You are still not getting it.
There is a difference between a speaker and an organization that enforces rules against other speakers.
Bernstein never said a speaker has to be even-handed in whom it criticizes. Anyone is free to criticize only Israel, only the Palestinians, or only Upper Slobovians.
The union here is the speaker. It is free to criticize only Israel, and that is protected by the First Amendment. So long as the anti-discrimination laws that the plaintiffs sought to invoke are applied evenly. If the same laws were used to squelch criticism of Hamas or the Palestinians as Islamophobic, that would be an uneven enforcement. So if the tables were turned, a federal court would have to reject the complaint on the same grounds.
As I said, federal courts generally are even-handed. Universities are generally not.
When a larger organization enforces a speech code, it has to be even handed. It can't punish people who criticize one group, but let those who criticize another group say what they want.
So Columbia could sponsor “Free Palestine” days and have a required course on the evils of Zionism, and Bernstein would be okay with that? I mean, Columbia is the speaker.

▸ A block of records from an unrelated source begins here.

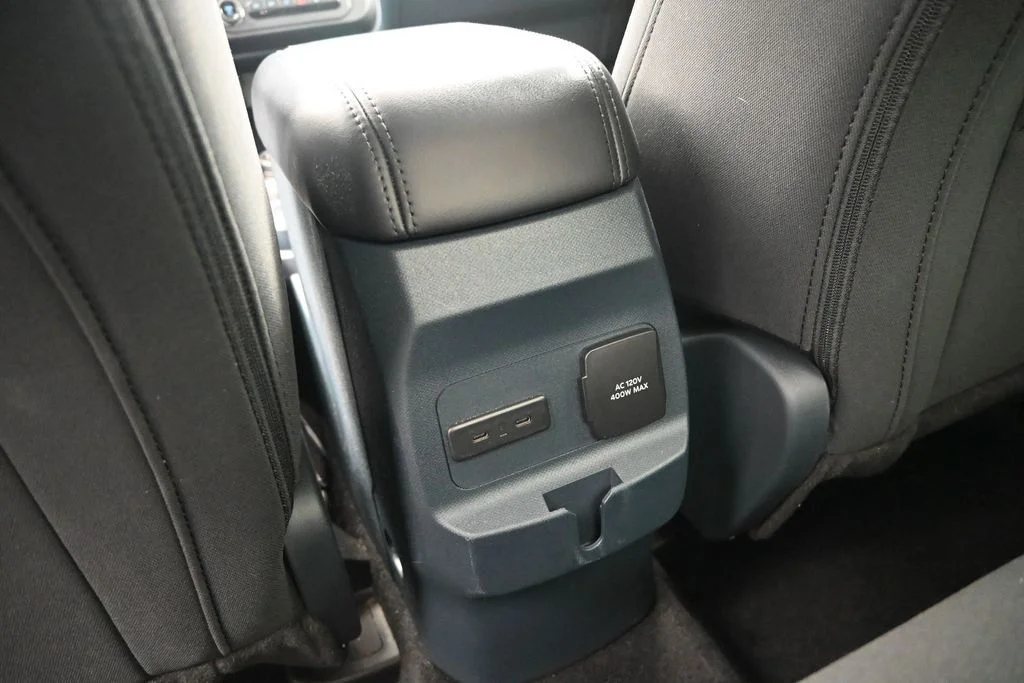Used 2025 Red Ford XLT image 18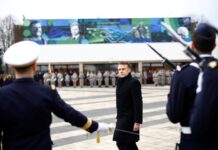 Од ќор-сокак, Макрон посега по овластувањата на врховен командант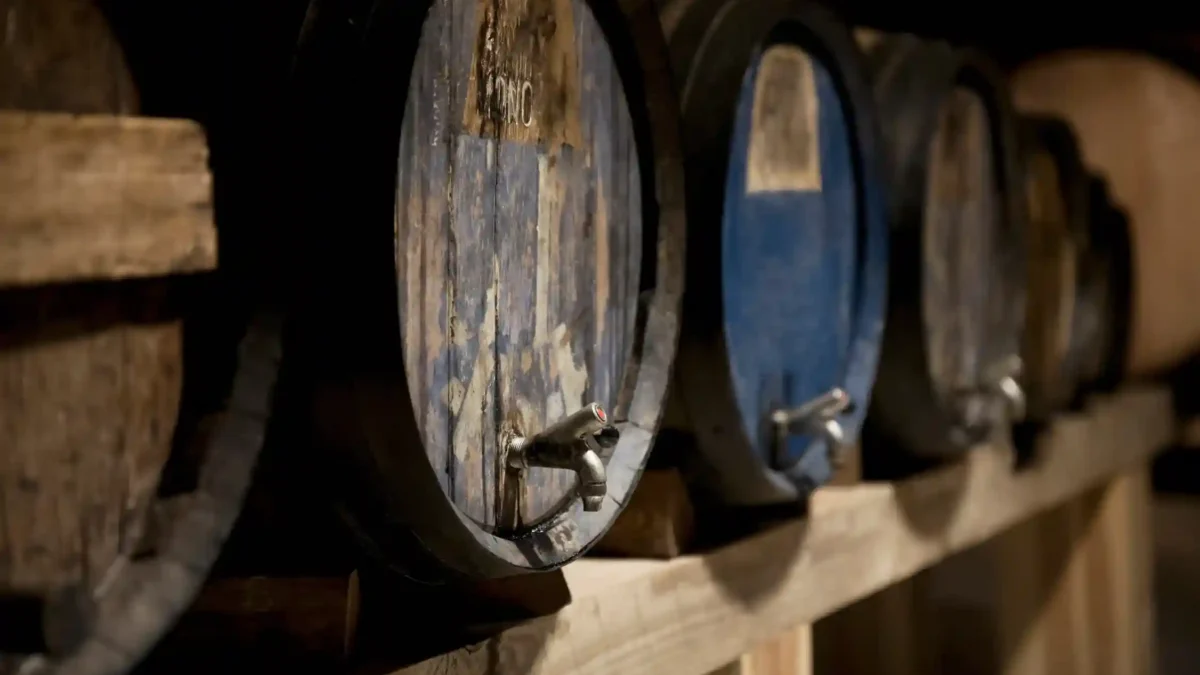 Used bourbon barrels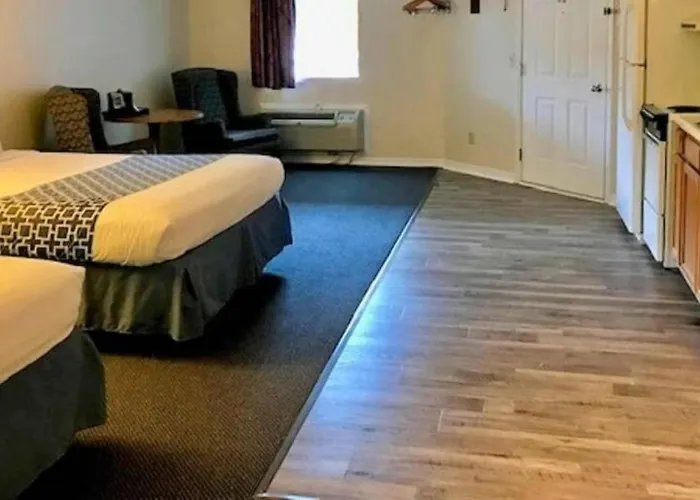 Four Seasons Inn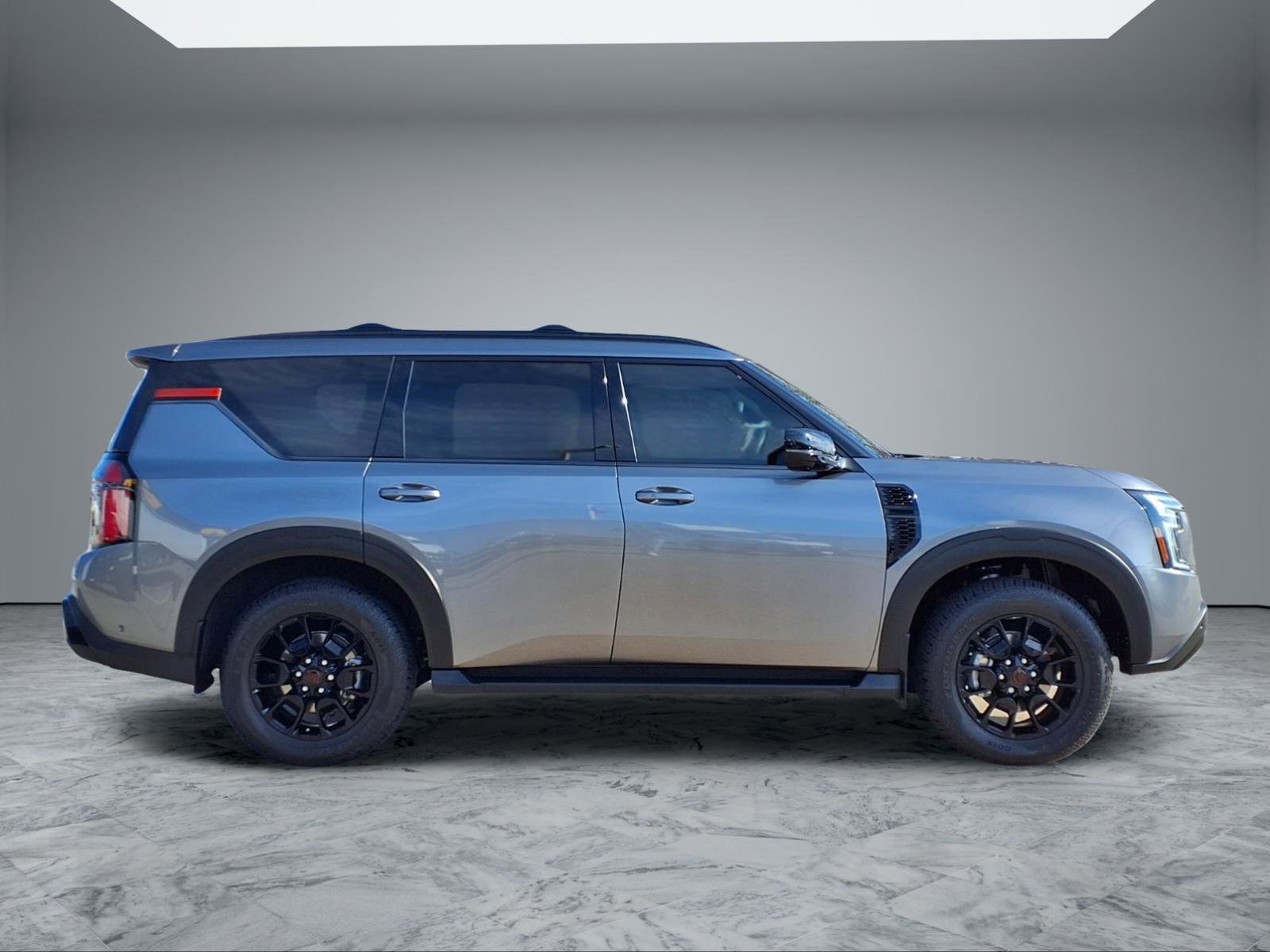 Used 2025 Nissan Armada PRO-4X w/ Pro-4X Premium Package image 8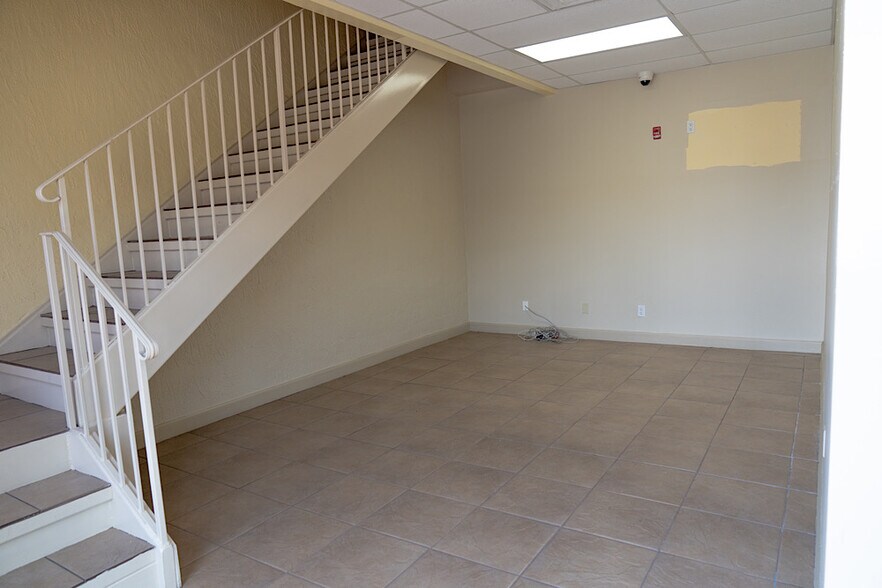 More Photos Of 1371 SW 8th St, Pompano Beach Warehouse For Lease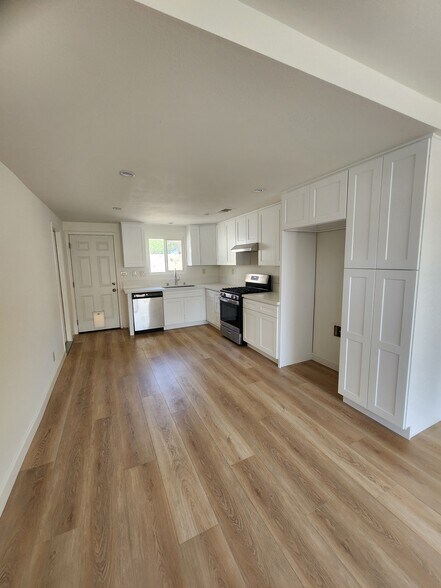 Building Photo - 625 N Angeleno Ave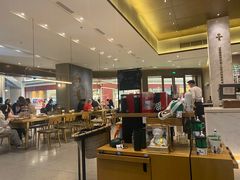 -星巴克臻选(深圳龙华红山天虹店)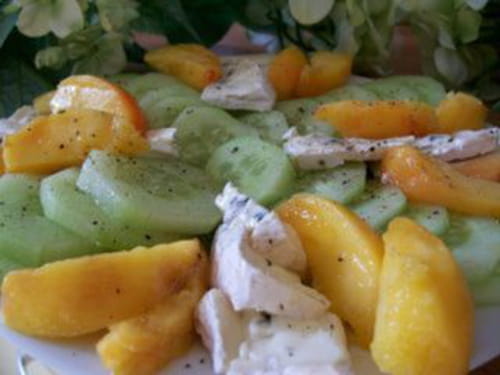 Carpaccio de pêches au bleu de Bresse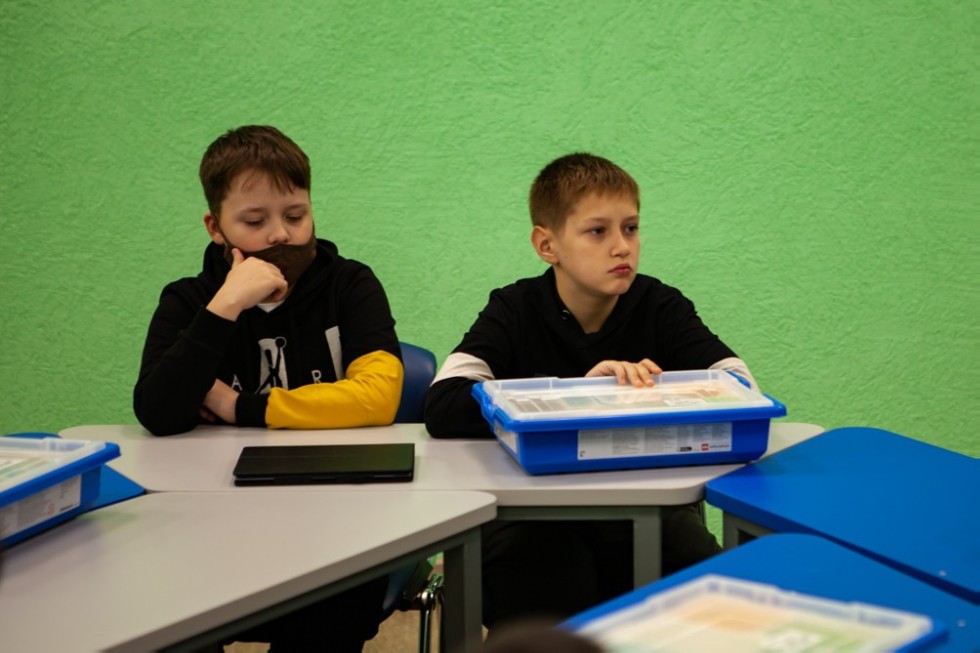 ����������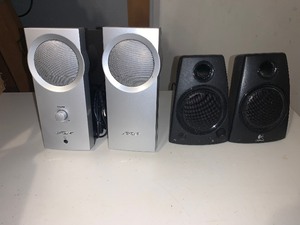 lot 100 image: BOSE & LOGITECH COMPUTER SPEAKER LOT  2 SETS  4 SPEAKERS TOTAL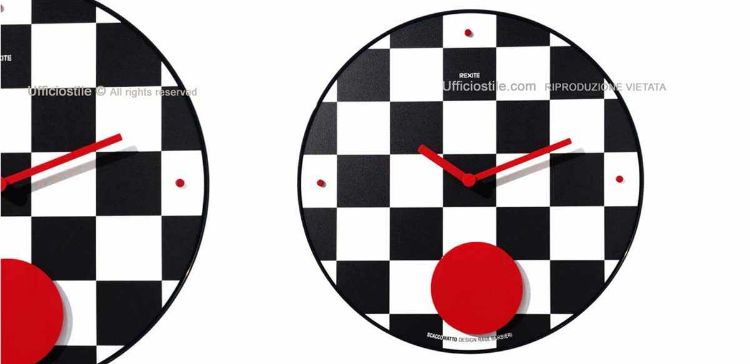 Immagine di Orologio a pendolo con quadrante a scacchiera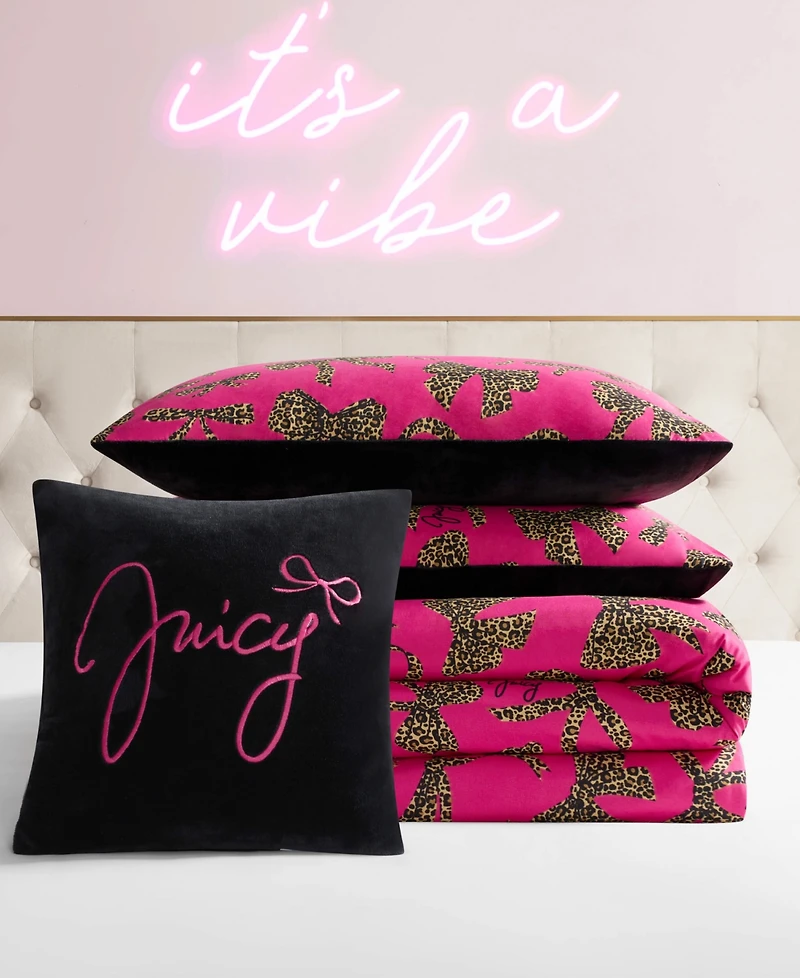 Juicy Couture Plush Reversible Cheetah Bows 4-Pc. Comforter Set, King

Forget about the legal questions raised by the lawsuit; this raises more fundamental questions like Why the Fuck Is a Legal Aid Attorney Union Making 'Demands' About Israel? Setting aside that they might as well command the tides to roll back for all that their 'demands' are going to accomplish, unions are supposed to be about workplace issues.
Say what you want about right wing organizations, but they do have some sense of message discipline. You won't see the NRA organizing anti-abortion rallies (even if most of their members are pro-lfe) or the National Right to Life Committee speaking out on global warming. And yet this union doesn't even one adult in charge who can put his or her foot down and say, "This is none of our organization's business. Our members are always free to speak out as individuals, but we're not going to say anything here."